The Crown Season 1 & 2

Rupert Gregson-Williams, Hans Zimmer
The Crown (Id., 2016, Season 1)
Sony Classical 88985383572 
19 brani – Durata: 66’20”


     
Rupert Gregson-Williams, Lorne Balfe
The Crown (Id., 2017, Season 2)
Sony Classical 8719262005907
18 brani – Durata: 58’59”     


     
Non si capisce davvero a fondo cosa rappresenti la monarchia per la Gran Bretagna finché non si fa un salto da quelle parti, magari in Scozia, e si vedono in tutti i negozi di Edimburgo – solo pochi giorni dopo le nozze di Harry e Meghan – centinaia di scatole di biscotti con la coppia reale effigiata sui coperchi. L’affezione dei britannici per questa istituzione è passata indenne tra guerre, scandali, rivoluzioni e mutamenti epocali e si è particolarmente radicata nei 66 anni di regno di Elisabetta II Windsor, detentrice del record di monarca vivente più longeva (ma rimarreste sorpresi apprendendo che nella classifica dei regni più duraturi di sempre la sovrana si piazza solo trentanovesima!).

In termini storici 66 anni sono poca cosa ma con la percezione del tempo e della società che abbiamo oggi equivalgono a secoli: e quindi approcciare la sua figura in termini biografici sia privati che pubblici è un’impresa pressoché titanica. Sin qui non si son contate le caricature (memorabili quelle di Una pallottola spuntata o, in versione animata, dei Minions), o i ritratti acutamente introspettivi (The Queen di Stephen Frears), o gli sguardi sulla sua infanzia e giovinezza (Il discorso del re, Una notte con la regina); senza contare il cameo di Sua Maestà medesima accanto a 007-Daniel Craig nel corto di Danny Boyle per l’apertura della trentesima Olimpiade di Londra nel 2012.
Ma il posto che Elisabetta occupa nell’immaginario collettivo ormai planetario e non solo inglese è assai più ampio: e la megaserie tv ideata per Netflix dal drammaturgo londinese Peter Morgan si propone appunto di esplorare questo spazio. Progettata in sei stagioni di dieci episodi ciascuna (sinora sono andate in onda le prime due), con il cast principale cambiato ogni biennio (sinora nei panni della regina sino alla metà degli anni ’60 si è vista la giovane Claire Foy), la serie intende ricostruire la vita della protagonista a partire dal suo matrimonio con il Principe Filippo di Edimburgo, nel 1947, per giungere ai giorni nostri.

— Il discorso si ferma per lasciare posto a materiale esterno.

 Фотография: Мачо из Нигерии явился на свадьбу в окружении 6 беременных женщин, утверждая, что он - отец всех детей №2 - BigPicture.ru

Settant’anni di storia non solo inglese, ovviamente, ma europea e mondiale, attraverso la moltitudine di eventi che hanno caratterizzato e orientato la vita della casa Reale. L’operazione si annuncia sontuosa, e prevedibilmente ripartita tra descrizioni storiche di alto profilo (indimenticabile, nel florilegio di interpretazioni recenti di questo personaggio, il Winston Churchill di John Lithgow) e intrighi familiari, rancori, gossip e scandali romanzati, che d’altronde hanno sempre costituito una specie di scenografia aggiunta ai fasti di Buckingham Palace. Anche su questo secondo aspetto tuttavia l’impianto rimane quello di una drammatizzazione “alta”, austera, dove tutto si amplifica e anche il pettegolezzo assume i contorni da tragedia greca.
Si spiega così la scelta di rivolgersi per la parte musicale a compositori in linea con questa “grandeur”, trasformati quasi in musicisti “di corte”. E chi meglio di Hans Zimmer e di una sua pattuglia poteva garantire tale risultato?
Se il caposcuola tiene per sé, nella prima stagione, un tema principale dei “Main title” di solennissima, imponente semplicità costruito secondo il consueto schema di una progressione schiacciante troncata bruscamente in un pianissimo, ad alcuni dei suoi più fidi e talentuosi adepti è delegato il resto (oltre a Gregson-Williams jr. e Lorne Balfe si registra anche il concorso di Guy Farley e di altri quattro compositori addizionali, tutti sotto l’esperta direzione di Johannes Vogel), che tuttavia si muove scrupolosamente all’interno dell’orbita prefissata. Con risultati peraltro altalenanti.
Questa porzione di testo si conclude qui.